The Return of Training Board

Not very long ago my dad told me I was starting to look like James Gandolfini, because of the beard. But I knew it was because of my waistline. Now Gandolfini is dead. I don’t want to end up like him.

I stopped blogging here about two years ago. Things went fine for me without the blog in 2013. And in part of 2014.

But the last seven months or so have been kind of bad for my fitness and training, with regress in strength and conditioning capacity, and some physical pain and disability, and loss of mobility.

Does this have anything to do with not continuing this blog? I think it might.

I have come to the conclusion, for my own sake, and for the sake of my family, that it is time to return to keeping this blog.

But why?

I’ve always been ambivalent about blogging my fitness efforts. What is its purpose? Who is the audience? Why make your training log (“gym notebook”) a public, open page? Who cares about the fitness efforts of a middle-aged religion professor?
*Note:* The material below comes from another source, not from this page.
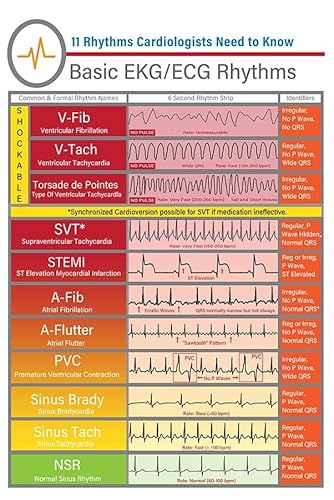YAASIMOULE Wanddekoration, Wohndekor, Dekorationsraum Basic Ekg Ekg Rthythms von YAASIMOULE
The answer that has worked for me, has justified this web-journal, is for me to tell myself: sitting down and making my journey open and public helps keep me accountable. So the audience is, ultimately: me. I am my own first and most sympathetic, and most critical, audience.

If you, dear reader, are not me, and yet you enjoy this blog, then, God bless you. You’re welcome to come along for the ride.

The blog used to be called “Training Board” and is now simply titled “Baldwin’s Gym Notebook.” It is written for the public, but I am not seeking fame, fortune, accolades, or anything other than a small corner of the great public forum of the internet, in which I can be permitted to share my own struggles in an open and honest way.

If what I go through means something to you, let me know. If not, don’t let me know. If what I do here bothers you, but you love me and support me (as a real life friend or family member) then actually, I want to know about that too. In that case, do let me know.

So, what’s going on with my training right now?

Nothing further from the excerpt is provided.